[Opening Data supplied section]

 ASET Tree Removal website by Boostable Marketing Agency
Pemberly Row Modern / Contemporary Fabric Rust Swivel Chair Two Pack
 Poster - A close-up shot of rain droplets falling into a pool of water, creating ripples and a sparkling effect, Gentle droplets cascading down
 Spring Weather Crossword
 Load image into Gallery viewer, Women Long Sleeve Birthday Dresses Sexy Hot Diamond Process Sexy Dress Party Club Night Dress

[Closing Data supplied section]
[Opening Data supplied section]

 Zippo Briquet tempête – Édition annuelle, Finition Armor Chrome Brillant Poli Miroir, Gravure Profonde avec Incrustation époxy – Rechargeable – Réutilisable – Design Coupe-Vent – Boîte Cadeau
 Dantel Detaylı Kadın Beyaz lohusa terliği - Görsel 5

[Closing Data supplied section]

Requirement: Reproduce only the lines above, starting at the line with "Pemberly Row Modern" and ending at the line with "Load image into", exactly as written.

Completed task:
Pemberly Row Modern / Contemporary Fabric Rust Swivel Chair Two Pack
 Poster - A close-up shot of rain droplets falling into a pool of water, creating ripples and a sparkling effect, Gentle droplets cascading down
 Spring Weather Crossword
 Load image into Gallery viewer, Women Long Sleeve Birthday Dresses Sexy Hot Diamond Process Sexy Dress Party Club Night Dress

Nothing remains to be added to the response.